A Mind in Prison: The Memoir of a Son and Soldier of the Third Reich by Bruno Manz

Author:Bruno Manz
Language: eng
Format: epub
Published: 2011-09-30T04:32:00+00:00


C H A P T E R I I

t was Roper who brought me the first and only news I heard about Nazi atrocities. During a tense encounter, while facing the enemy, this luckless comrade confronted me with the truth, but I turned him down. The fateful meeting occurred in the spring of 1944. The tundra was still covered with a thick blanket of snow when I visited the stronghold of one of our platoons. Corporal Roper, who was stationed there, had sent me a message that he was "fascinated" by my political ideas and wanted to tell me his own. Since he did not wish to speak in the presence of the other men, he asked me to join him while standing watch. That was quite unusual because talking on watch was generally not allowed. However, his solemn face and secretive manner persuaded me to follow him to the rampart.

Since we had the same rank, we were on a first-name basis, but today I recall only his last name, not his first. With the benefit of hindsight I am inclined to believe that this gap in my memory has some deep-seated, psychological reason. At any rate, the fact is that I remember only his family name, Roper, which lives in my memory as a painful reminder of that somber morning in 1944 when I failed to respond to a call of destiny. I believe that everybody, once or twice in his life, is called upon to stand up for truth and decency. Of course, had I done so, I would not be alive today, for it is a distinctly German tragedy that it does not always speak well of a man's past if he has survived his nation's darkest hour.

Roper and a few other men had joined our company a few weeks earlier as reinforcements. Thus, I was only superficially acquainted with him, but somehow I had learned that he was half-Jewish. That was unusual in the German army. Even more extraordinary was the fact that his brother was serving in the SA Standarte Feldherren Halle, an elite division of the SA, equivalent to the Waffen SS. Such things happened only toward the end of the war, when Hitler needed ever more lives to be sacrificed on the battlefield. There is also the possibility that Roper was not half but "only" one quarter Jewish. Anyway, as I learned later, his father was a renowned neurosurgeon in Hamburg, and his mother was the Jewish part of the family.

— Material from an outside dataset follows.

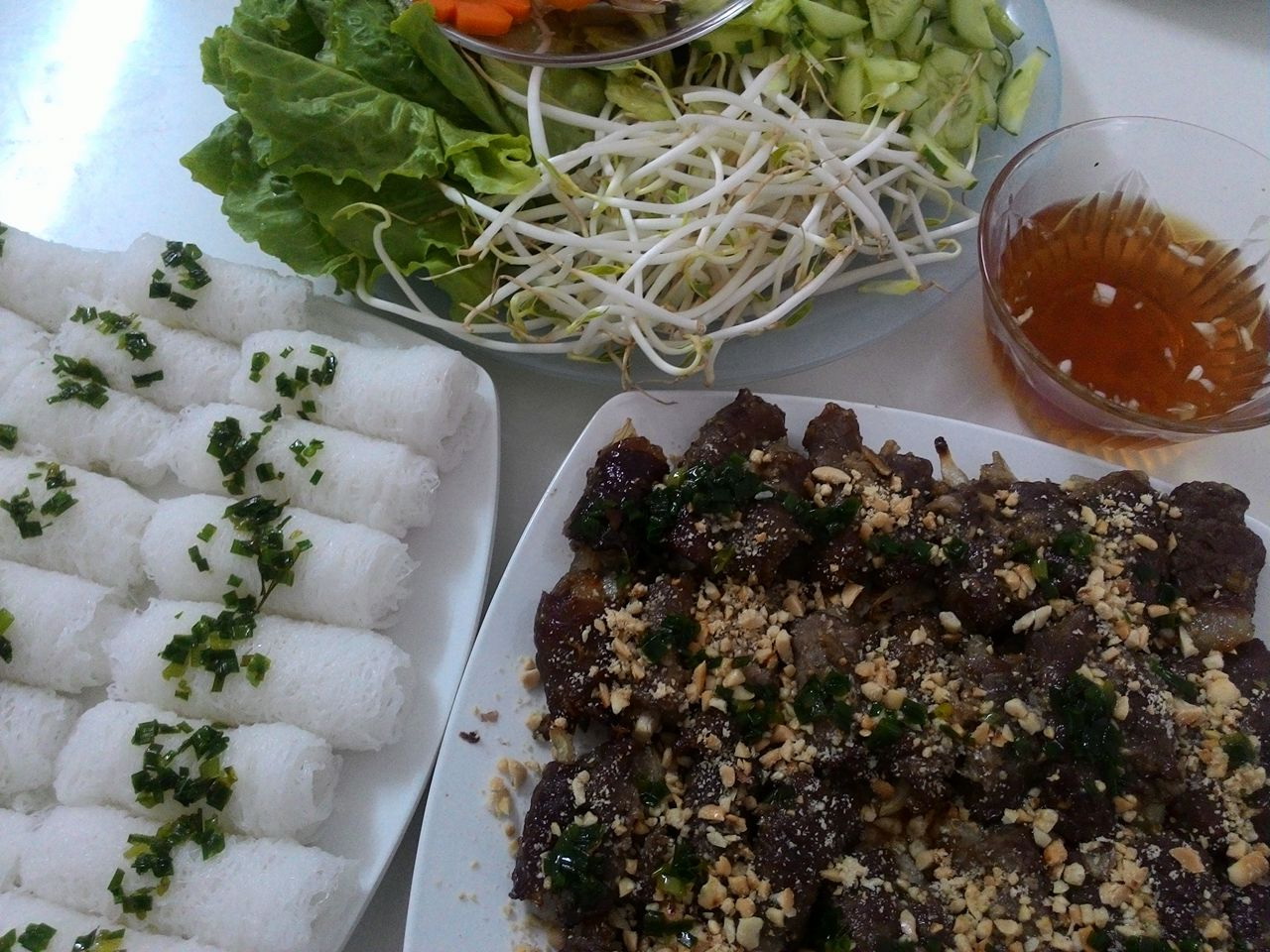 Bò lụi bánh hỏi đơn giản mà thơm ngon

It was a cold morning. The Russians were only a few hundred meters away. Roper, who had come directly from Germany, wanted to tell me a few things he had learned there. We were standing behind a rampart of beams and rocks. In the east a pale stripe of daylight was rising in the gloomy sky. I was nervous because, only a few days before, the Russians had tried to overrun one of our strongholds. I also suffered from the old weakness of seeing movement where there was none.